1. Рассмотрим прежде всего вопрос о конститутивных признаках, на основе которых могут возникать ассоциативные сопряжения между коммуникативными фрагментами. Следует подчеркнуть бесконечное, никоим образом твердо не регламентируемое разнообразие путей и признаков, по которым и на основании которых процессы ассоциативных сопряжении развертываются в языковом мышлении говорящих. Эффект сопряженности двух или нескольких КФ может возникнуть на основании сходства их звуковой и/или графической формы, либо их предметного значения, либо каких-то общих свойств того образного отклика, который они вызывают в представлении; на основании принадлежности к одной тематической, ситуативной, сюжетной, жанровой сфере; на основании способности пробуждать сходные реминисценции[105]. Сама степень этого сходства может быть различной — от очевидного параллелизма формы и смысла до маргинальных, почти случайных общих деталей, которые, однако, могут при каких-то благоприятных обстоятельствах обратить на себя внимание говорящего и вызвать ассоциативное наслоение соответствующих выражений в его языковых преставлениях[106].

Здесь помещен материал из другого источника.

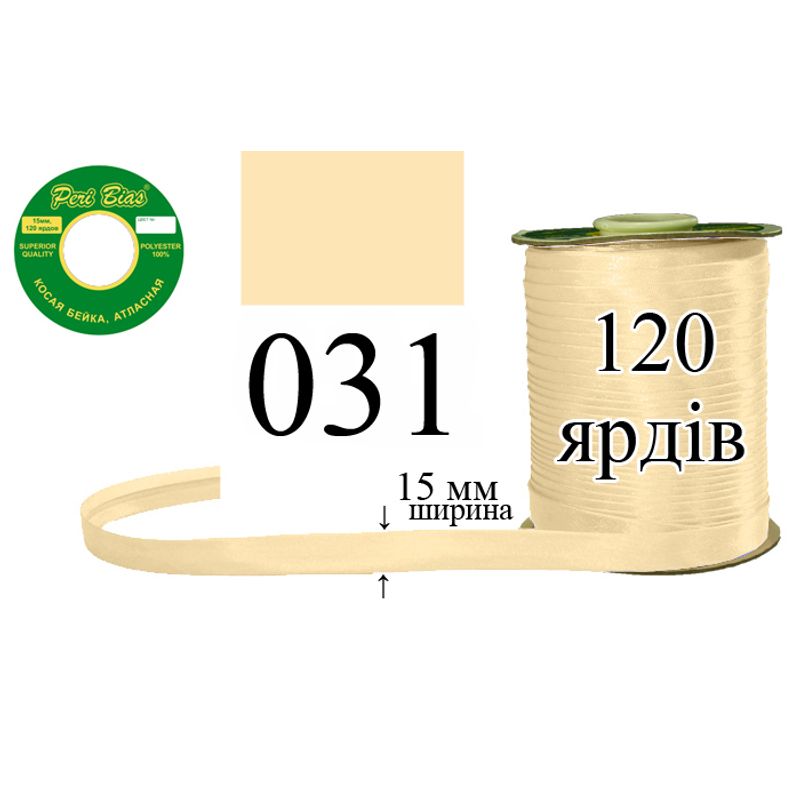 Косая бейка атласная, полиэстер, ширина 15 мм., длина 120 ярдов, 60 катушек в ящике, цвет 031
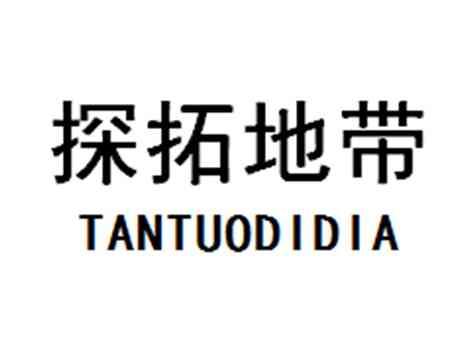 探拓地带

Мне вспоминаются слова Н. С. Трубецкого по поводу созданной им классификации фонологических оппозиций: «Нельзя противопоставить чернильницу и свободу воли»[107]. Этот заведомо нелепый, с точки зрения Трубецкого, пример призван был служить негативной иллюстрацией того факта, что связи и противопоставления между элементами языковой структуры имеют ограниченный и упорядоченный характер, который может быть разумным образом описан. Однако в действительности этот пример может служить иллюстрацией иллюзорности всех и всяческих «четких» и «разумных» классификационных критериев в применении к языку. Нет ничего легче, чем представить себе противопоставление, либо, если угодно, сопоставление чернильницы и свободы воли, — для этого нужно только посмотреть на них не как на имманентные смысловые «элементы», но как на часть той или иной коммуникативной среды, к которой они могли бы совместно принадлежать и в пространстве которой они могли бы выступать, в зависимости от свойств такой среды и позиции по отношению к ней субъекта, в качестве аналогов либо антиподов. Чернильница может служить воплощением бюрократического мира — этого типичного антипода свободы воли в романтическом сознании и романтическом дискурсе; или чернильница может обернуться символом творческого вдохновения, волшебным медиумом, посредством которого получает выражение творческая воля художника — магическим кристаллом, позволяющим увидеть даль свободного романа[108]; и разве не было самоубийство Есенина, воспринимавшееся многими в контексте надвигавшегося советского оледенения как символический акт утверждения личной свободы, тесно сопряжено с засохшей чернильницей в номере гостиницы? разве не побудило оно Маяковского призвать к увеличению производства чернил в качестве средства борьбы с ростом числа самоубийств? — и т. д., и т. д.